So there is some evidence of a geographic distinction here.  There is no sign of any deterioration in the performance of UK marketplace lending assets.  Nor is there any significant sign of the market requiring a higher return on new loans in anticipation of any deterioration in the environment going forwards.  This would suggest that the c.30% of the P2PGI book that is exposed to these assets should be on track to deliver the 6-8% that the fund has guided investors towards. 
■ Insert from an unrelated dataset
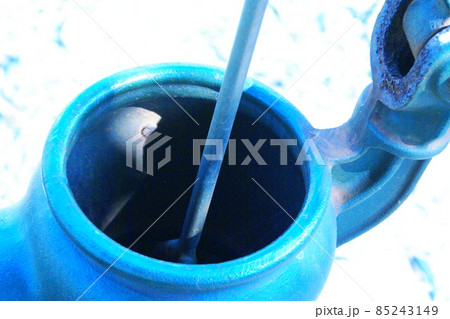 カラー 手漕ぎ ポンプ 手動 レトロ (2021年12月登録) 最大サイズ:M カラー 手漕ぎ ポンプ 手動 レトロ (2021年12月登録) 最大サイズ:M 85243149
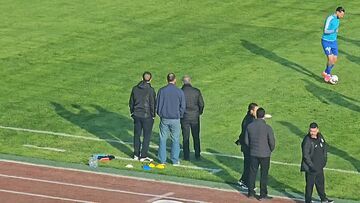 ویدیو| روزبه چشمی با لباس شخصی کنار زمین آمد!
Meanwhile, there are some signs of investors anticipating a tougher environment in the US.  Arguably the 55bp increase in required rates would seem to indicate a commensurately higher anticipated rise in charge-offs.  Interestingly, with net returns at 7%+ in the US, that would still seem to suggest that net returns on these loans will be sufficient to allow P2PGI will deliver NAV growth in line with guidance.  Whilst there are some signs of a deterioration in the credit environment, with, for example, a rise in sub-prime auto loan delinquencies attracting some recent press coverage, it could be that the more prime exposures that P2PGI has acquired continue to perform.  It is also possible that the small increase in rates required in the primary market is in part a function of growing pains as the sector navigates the early stages of the development of a secondary market.  Tensions have emerged in recent months as institutional appetite for securitizations and loan portfolio purchases has been explored. 

Whatever the cause of the recent shift in the US primary market, it seems that a rather small change in required rate has translated into a much larger shift in where P2PGI trades versus its NAV.  The discount that the shares are presently trading at may prove to be, as much of anything, a function of market uncertainty.  Markets hate uncertainty and marketplace lending originated loans are an entirely new asset class.  Investors are not familiar with these loans and indeed many are likely unaware that a benchmark that serves as a proxy for net returns in the asset class even exists.  At AltFi Data we track every cash-flow from every loan to calculate the industry return that we represent as the LARI. This gives us huge confidence that, in the UK at least, marketplace lending assets continue to deliver impressive net returns.  As such the opportunity to buy 100p of assets, that is scheduled to grow to 106-108p over the next twelve months, and consistently thereafter, for just 90p today looks attractive.  Essentially, an implied increase in expected default rates of 55bps in the US primary market, with the US representing around 65% of P2PGI’s book, has translated into the entire book (notwithstanding that most of it represents entirely different cohorts) being priced at a 10% discount.  A disconnect seems to have emerged between the equity market’s valuation of these funds and the marketplace lending primary market. In essence, because of a 50bp increase in implied expected losses across 65% of their book, you can buy P2PGI's entire book for 90 cents on the dollar, versus a new loan in the primary market for a dollar with 50bips of extra rate. An extra 50bips for 3 years does not add up to 10%!

The opportunity looks even more compelling when you consider that P2PGI, and other comparable trusts, are increasingly likely to out-perform the sector return benchmark going forwards as recent head-winds become a tail-wind.  Perhaps investors will be in a better position to identify the performance of the underlying loans as benchmarks for the asset class gain traction.  When that time comes, newfound confidence will likely be reflected in where the shares trade versus NAV.